Using Consultants to Improve Your Franchise

Peter Buckingham | Spectrum Analysis

Consultants need to have a defined purpose if they are to benefit you. They should be an investment in your business to improve it and generate a few times their costs. If you think of using a consultant as an expense, you have the wrong approach. Think of it as an investment to generate a good return for your dollar, and then you are heading in the right direction.

Many of the big names of the franchise industry, in their semi-retirement, hang out the shingle to offer their services to anyone who believes their story and also become a 'consultant'. Interesting how their views on consultants can change!

Whether you are a franchisor or a franchisee, the offer of a 'let me make it right for you' solution can be either an effective fix or an expensive exercise for your business.

 

There are many different varieties of consultants in this industry, including:

 

  • General franchising consultants
  • Site selection consultants
  • Franchisee sourcing and selection consultants
  • Marketing consultants
  • Brand consultants
  • Demographic consultants
  • Security consultants

 

And professions that are, in my view, consultants as well:

 

  • Accountants
  • Lawyers
  • Banking advisors

 

How do you pick a consultant to assist you? How do you work with them to achieve what you are looking for?

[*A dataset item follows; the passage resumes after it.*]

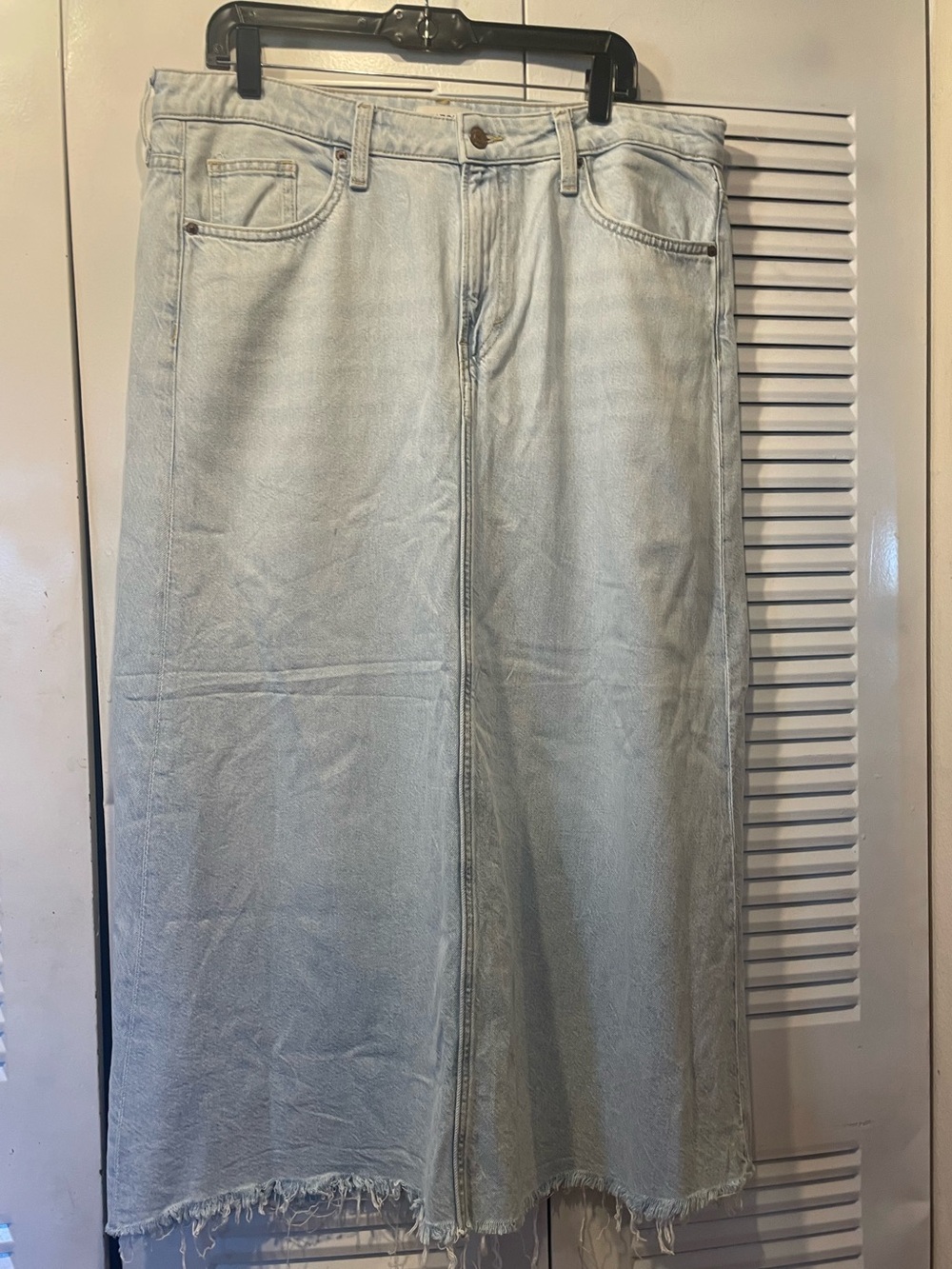 Arizona Jeans Co. Light Wash  Maxi Skirt - Casual Everyday Style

The first thing I say is that you are not hiring a consultant by the hour, but rather for the years of experience they bring to the issues you need assistance with. Most good consultants come with the necessary expertise and reasonable academic qualifications. There are also qualifications issued by groups such as the FCA (Franchise Council of Australia), the AIM (Australian Institute of Management) and the IMC (Institute of Management Consultants).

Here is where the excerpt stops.